Si stanno facendo sempre più frequenti e
positivi i rapporti fra la teoria letteraria e le nuove scienze
cognitive. Rispetto a quando ne ho scritto nel libro Convergenze
(Milano, B. Mondadori, 2010), i contributi importanti si sono infittiti
e hanno toccato problemi di estetica, di ricezione, di analisi
dell’immaginario poetico, narrativo, figurativo, filmico. Prima George
Lakoff, il linguista di scuola cognitivista di Berkeley e poi il suo
allievo Mark Turner hanno dedicato molta attenzione ai problemi della
metafora e di altre forme della comunicazione, elaborando la teoria
dell’«integrazione concettuale» o conceptual blending (G. Fauconnier – M. Turner, Amalgami: introduzione ai network di integrazione concettuale, Urbino,
Quattro venti, 2001). Poi (e cito solo alcuni fra i protagonisti
importanti della discussione) T. G. Pavel, Lubomír Doležel, Leonard
Talmy e parecchi altri hanno indagato a fondo sui problemi della
finzione narrativa (Doležel, Heterocosmica. Fiction e mondi possibili,
Milano, Bompiani 1999). Ricordo, qui da noi, due interventi molto
importanti, che hanno allineato la ricerca italiana con quella
internazionale: quello di un filosofo come Alfonso Iacono con il libro L’illusione e il sostituto. Riprodurre, imitare, rappresentare (Milano, B. Mondadori, 2010), e quello di uno studioso della letteratura come Alberto Casadei, con il libro Poetiche della creatività. Letteratura e scienze della mente (Milano, B. Mondadori, 2011).

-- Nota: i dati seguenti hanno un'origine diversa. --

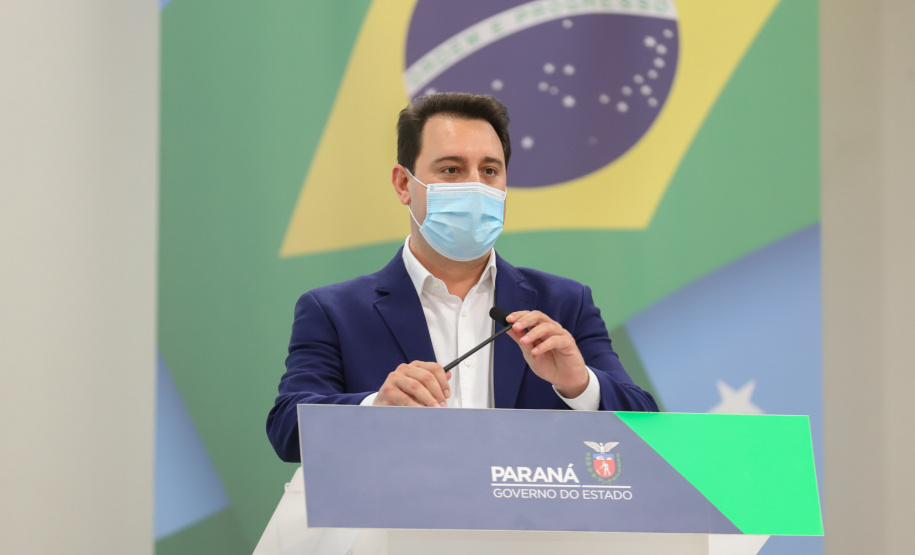 O governador Carlos Massa Ratinho Junior sanciona nesta segunda-feira (4) a lei que institui o homeschooling. O texto aprovado pela Assembleia Legislativa regulamenta o ensino domiciliar, sob o encargo dos pais ou responsáveis, com supervisão e avaliação periódica da aprendizagem por órgãos de ensino. A prática não é obrigatória. Os pais poderão optar entre o ensino escolar tradicional ou o domiciliar.    - 04/10/2021 - Foto: Geraldo Bubniak/AEN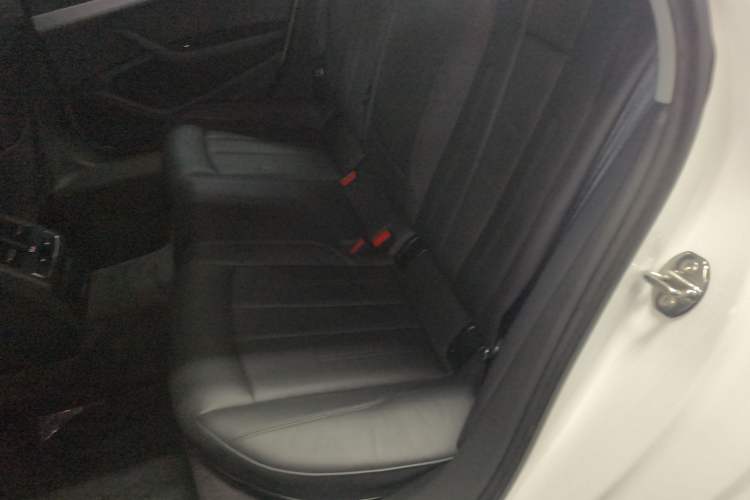 Used Audi A4L 2017 Plus 40 TFSI Fashion Model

Sul lato degli scienziati è intervenuto
spesso ed efficacemente Vittorio Gallese, lo studioso della scuola
parmense di Giacomo Rizzolatti, quella che ha messo a punto, su basi
sperimentali, la teoria dei neuroni specchio,cioè di quei neuroni del
cervello nostro e di altri animali che si attivano quando un soggetto
compie un’azione ma soprattutto quando osserva un altro soggetto
compiere la stessa azione. Gallese si è coraggiosamente occupato del
rapporto fra scienze cognitive e scienze umane, a volte da solo altre
volte in dialogo con colleghi linguisti, filosofi, psicologi,
psicoanalisti, studiosi dell’arte, della letteratura o della musica,
cercando nella teoria dei neuroni specchio la conferma di fenomeni come
l’empatia, l’espressione simbolica, la «simulazione incarnata» (embodiment),
la finzione di mondi possibili, il ritmo, le strutture architettoniche,
ecc. In un saggio recente, chiaro e divulgativo, pubblicato su
«Micromega» (2/2014, pp. 49-67), intitolato Arte, corpo, cervello: per un’estetica sperimentale, egli ha condensato i risultati dei suoi lavori, che si trovano sparsi in moltissime pubblicazioni.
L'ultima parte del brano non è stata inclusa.